BEGIN

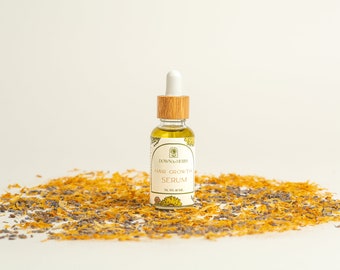 Suero para el crecimiento del cabello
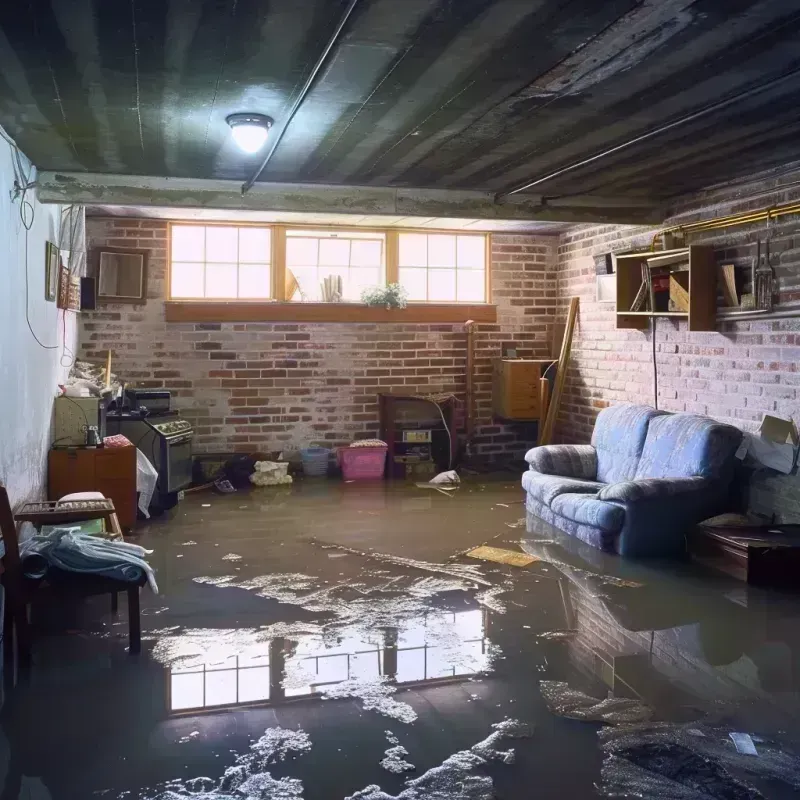 Flooded Basement Cleanup in Tonawanda, NY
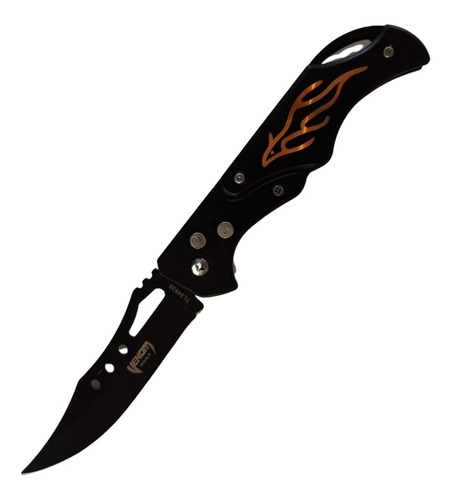 Navaja Automatica Tactica Militar Venom 22cm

END

● Exercise description:
Could you return exactly the lines starting with the one that contains "Flooded Basement Cleanup in Tonawanda, NY" and ending with the last line of the data above? Leave the pictures out.

● Exercise response:
 Flooded Basement Cleanup in Tonawanda, NY
 Navaja Automatica Tactica Militar Venom 22cm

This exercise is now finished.